Finalizada la acuñación, hecha un día cualquiera de un año cualquiera (aunque es muy probable que fuese 1993), fue trasladada de lugar junto con sus hermanas monedas y hermanos billetes.
Era una moneda sencilla y a la vez hermosa. Su cara era la de un señor; un señor cualquiera, aunque con cierta probabilidad era un señor importante en aquel país. Su cruz tenía un 5 muy grande en el centro, con la F más bonita que se haya visto nunca, pues la F, con la sencillez de sus ángulos, con la rectitud de sus tres líneas, representa uno de los sonidos más dulces, suaves y cálidos del mundo. La moneda estaba muy orgullosa de su F, y con razón.
Debajo rezaba la palabra BELGIQUE, acuñada en letras mayúsculas sobre una base curva, y más abajo aún, el año de su acuñación. En fin, una moneda cualquiera, con su belleza justa y para su justa utilidad.
La vida de las monedas es muy larga, es más, son inmortales, pues hay monedas que tienen más de 2.000 años de antigüedad.
Pero una vida puede ser larga, y una vida útil demasiado corta.
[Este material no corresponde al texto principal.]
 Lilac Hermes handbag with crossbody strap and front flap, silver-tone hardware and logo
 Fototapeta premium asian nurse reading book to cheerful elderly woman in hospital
Y tuvo que venir el Euro de nuestros desvelos a relegar nuestros francos de efes dulces y nuestras libras irlandesas de liras musicales y nuestras liras tremendamente largas de ceros y nuestros cinco duros parecidos a donuts, a simples recuerdos de nuestra visita a este país o el otro, guardados en cajitas de flores y en pastilleros, recuerdos olvidados.
Así que los 5 francos belgas se convirtieron de la noche a la mañana en una sosa moneda de 10 céntimos acompañada de tres miniaturas de cobre. Vale, voy corriendo a comprarme una nube de chuche y un caramelo de menta o un regaliz, aunque observo que da para menos esta vez, quizás media nube y un cuarto de regaliz.
Es lo que tiene el Euro, que nos ha jodido la vida un poco a todos.
No quiero que esa moneda de 5 francos belgas muera del todo, de ahí este cuento dedicado a ella.